Segment Start: EXERCISE DATA
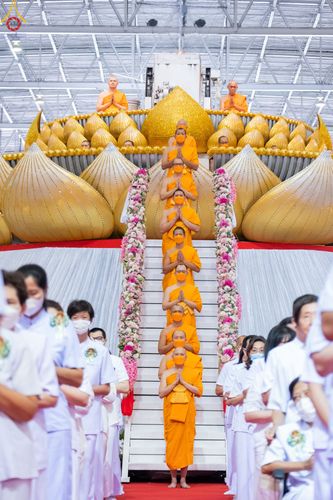 ภาพ No.77790:พิธีหล่อพระบรมพุทธเจ้า ทิศตะวันตก  วันอาทิตย์ที่ 19 มีนาคม พ.ศ. 2566 ณ วัดพระธรรมกาย จ.ปทุมธานี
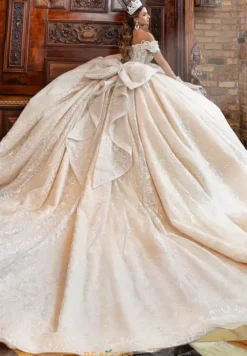 Plus Sized Quince Dresses|Sweet Sixteen^LizLuo Quinceanera 80035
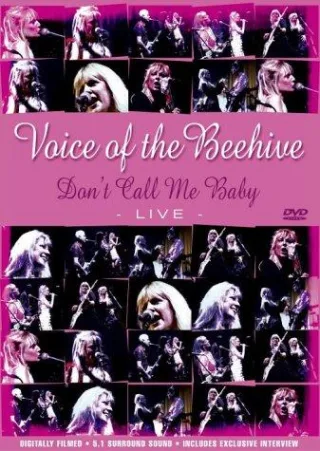 Voice of the Beehive - Don't Call Me Baby: Live - [UK-Import] [DVD]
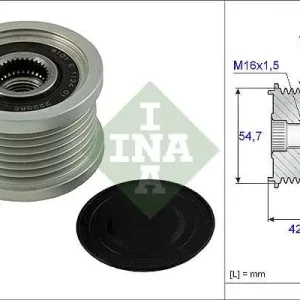 SPRZĘGIEŁKO ALTERNATORA Oferta czasowa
Segment End: EXERCISE DATA
:: WHAT IS NEEDED ::
Only the text of the listing above should be copied, exactly and with pictures left out.

:: RESPONSE TO THIS EXERCISE ::
 ภาพ No.77790:พิธีหล่อพระบรมพุทธเจ้า ทิศตะวันตก  วันอาทิตย์ที่ 19 มีนาคม พ.ศ. 2566 ณ วัดพระธรรมกาย จ.ปทุมธานี
 Plus Sized Quince Dresses|Sweet Sixteen^LizLuo Quinceanera 80035
 Voice of the Beehive - Don't Call Me Baby: Live - [UK-Import] [DVD]
 SPRZĘGIEŁKO ALTERNATORA Oferta czasowa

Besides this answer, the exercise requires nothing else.